**TASK**
Each record must be output exactly and in full.

**INPUT MATERIAL**

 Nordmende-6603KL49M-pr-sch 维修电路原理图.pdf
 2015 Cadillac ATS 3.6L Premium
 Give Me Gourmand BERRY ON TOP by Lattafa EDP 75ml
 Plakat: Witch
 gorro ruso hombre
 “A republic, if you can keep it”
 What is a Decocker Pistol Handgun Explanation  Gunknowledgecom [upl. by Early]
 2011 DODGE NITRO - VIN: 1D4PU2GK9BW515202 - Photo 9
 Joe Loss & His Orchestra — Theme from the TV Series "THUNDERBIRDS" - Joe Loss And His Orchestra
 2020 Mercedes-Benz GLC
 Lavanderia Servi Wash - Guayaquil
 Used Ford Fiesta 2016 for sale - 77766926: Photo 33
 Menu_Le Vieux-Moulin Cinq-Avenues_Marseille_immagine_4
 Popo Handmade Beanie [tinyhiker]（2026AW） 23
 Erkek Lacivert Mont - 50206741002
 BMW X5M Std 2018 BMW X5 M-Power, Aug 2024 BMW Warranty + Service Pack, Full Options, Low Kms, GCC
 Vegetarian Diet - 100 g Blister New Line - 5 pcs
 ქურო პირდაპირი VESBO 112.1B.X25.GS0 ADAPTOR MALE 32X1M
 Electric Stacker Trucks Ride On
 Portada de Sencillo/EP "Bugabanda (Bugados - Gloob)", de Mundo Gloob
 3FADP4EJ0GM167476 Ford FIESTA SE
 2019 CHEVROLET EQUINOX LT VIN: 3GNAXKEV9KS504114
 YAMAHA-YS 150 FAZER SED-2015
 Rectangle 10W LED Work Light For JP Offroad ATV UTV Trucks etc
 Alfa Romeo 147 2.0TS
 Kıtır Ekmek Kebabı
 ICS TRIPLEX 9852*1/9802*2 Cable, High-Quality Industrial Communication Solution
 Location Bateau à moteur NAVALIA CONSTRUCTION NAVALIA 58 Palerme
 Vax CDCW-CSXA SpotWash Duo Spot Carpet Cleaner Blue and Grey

**OUTPUT OF THE EXERCISE**
 Nordmende-6603KL49M-pr-sch 维修电路原理图.pdf
 2015 Cadillac ATS 3.6L Premium
 Give Me Gourmand BERRY ON TOP by Lattafa EDP 75ml
 Plakat: Witch
 gorro ruso hombre
 “A republic, if you can keep it”
 What is a Decocker Pistol Handgun Explanation  Gunknowledgecom [upl. by Early]
 2011 DODGE NITRO - VIN: 1D4PU2GK9BW515202 - Photo 9
 Joe Loss & His Orchestra — Theme from the TV Series "THUNDERBIRDS" - Joe Loss And His Orchestra
 2020 Mercedes-Benz GLC
 Lavanderia Servi Wash - Guayaquil
 Used Ford Fiesta 2016 for sale - 77766926: Photo 33
 Menu_Le Vieux-Moulin Cinq-Avenues_Marseille_immagine_4
 Popo Handmade Beanie [tinyhiker]（2026AW） 23
 Erkek Lacivert Mont - 50206741002
 BMW X5M Std 2018 BMW X5 M-Power, Aug 2024 BMW Warranty + Service Pack, Full Options, Low Kms, GCC
 Vegetarian Diet - 100 g Blister New Line - 5 pcs
 ქურო პირდაპირი VESBO 112.1B.X25.GS0 ADAPTOR MALE 32X1M
 Electric Stacker Trucks Ride On
 Portada de Sencillo/EP "Bugabanda (Bugados - Gloob)", de Mundo Gloob
 3FADP4EJ0GM167476 Ford FIESTA SE
 2019 CHEVROLET EQUINOX LT VIN: 3GNAXKEV9KS504114
 YAMAHA-YS 150 FAZER SED-2015
 Rectangle 10W LED Work Light For JP Offroad ATV UTV Trucks etc
 Alfa Romeo 147 2.0TS
 Kıtır Ekmek Kebabı
 ICS TRIPLEX 9852*1/9802*2 Cable, High-Quality Industrial Communication Solution
 Location Bateau à moteur NAVALIA CONSTRUCTION NAVALIA 58 Palerme
 Vax CDCW-CSXA SpotWash Duo Spot Carpet Cleaner Blue and Grey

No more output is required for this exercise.